MR. JUSTICE SCHAEFER DELIVERED THE OPINION OF THE COURT:
This court granted leave to Jo D. Tansor, the plaintiff, to file her original petition in this court for a writ of mandamus directed to the respondent, Hon. Elmer N. Holmgren, a judge of the superior court of Cook County. We also allowed her petition for leave to appeal from an order of the Appellate Court for the First District, which denied her motion for leave to file in that court a similar petition for a writ of mandamus directed against the same respondent. The two cases were consolidated in this court. Both concern the plaintiff's efforts to obtain a report of proceedings at a trial conducted before the respondent as trial judge, in furtherance of her appeal from an adverse judgment.

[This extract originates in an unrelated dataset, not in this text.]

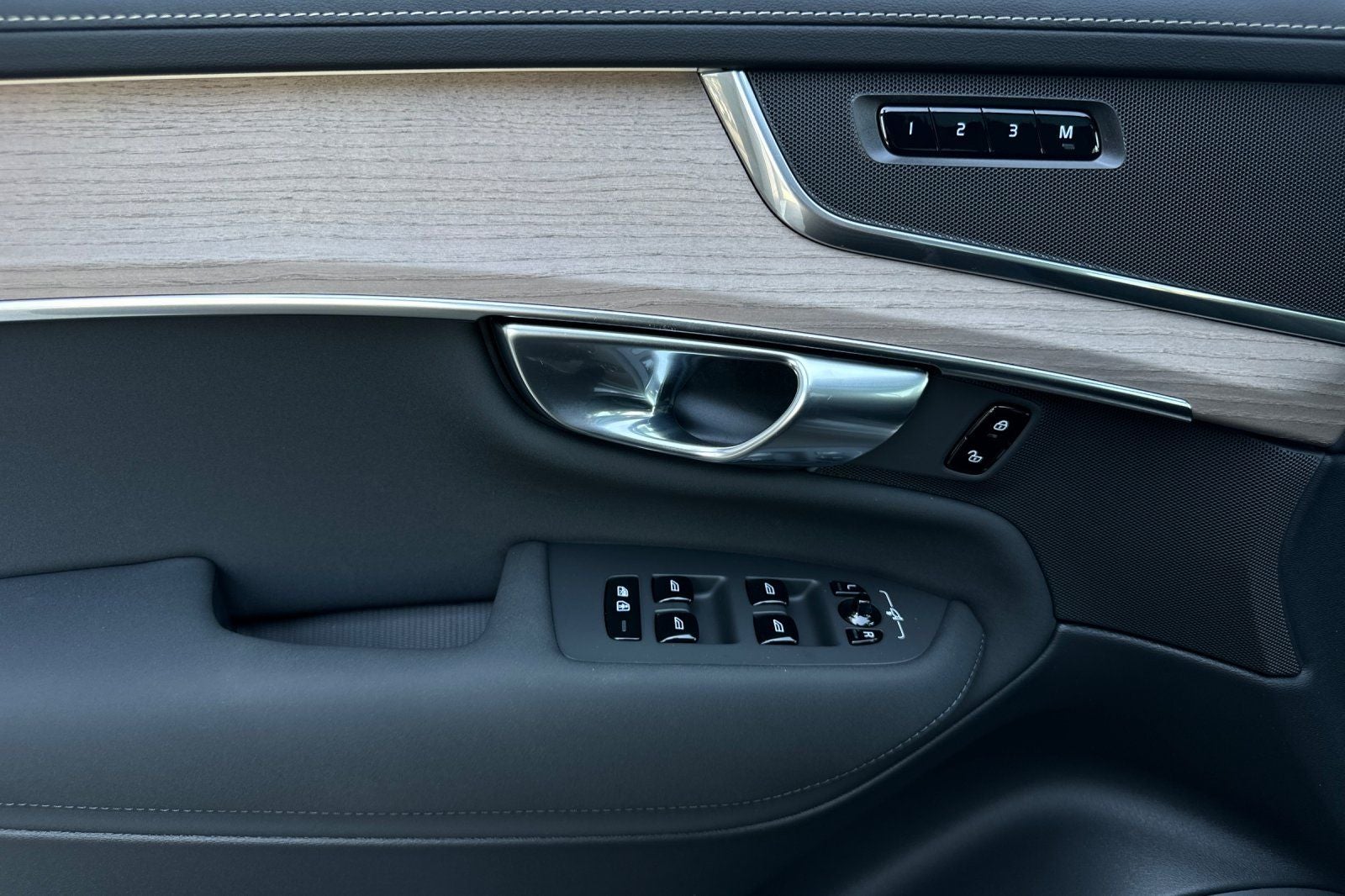 2025 Volvo XC90 B6 Core 2025.5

From the record before the Appellate Court and the plaintiff's original petition in this court, it appears that the plaintiff prosecuted a claim for personal injuries against the Checker Taxi Company, the defendant. Upon a trial before the respondent judge, the jury returned a verdict in the plaintiff's favor in the sum of $4,500. On the motion of the defendant, the respondent entered judgment for the defendant notwithstanding this verdict, and conditionally granted the defendant's motion for a new trial in the event of reversal, in accordance with section 68.1 of the Civil Practice Act. (Ill. Rev. Stat. 1961, chap. 110, par. 68.1.) The plaintiff filed her notice of appeal to the Appellate Court and undertook to procure the record on appeal.
No officially appointed court reporter, as authorized by statute (Ill. Rev. Stat. 1961, chap. 37, pars. 163a, 163b,) attended the trial. The stenographers who reported the proceedings were employed by a private court reporting firm hired by the defendant. In an effort to obtain a copy of the stenographic report to complete her record on appeal, the plaintiff presented a motion in the trial court for an order directing the defendant or the court reporter to supply a transcript. The motion was accompanied by a tender of the reporter's full fee for attendance, reporting, and transcribing, and by an offer to prove, through the testimony of the reporter himself, that the testimony had already been transcribed and was available subject to the directions of the defendant. The reporter declined to supply the transcript, however, without the authorization of the defendant, and the respondent denied the motion to compel production.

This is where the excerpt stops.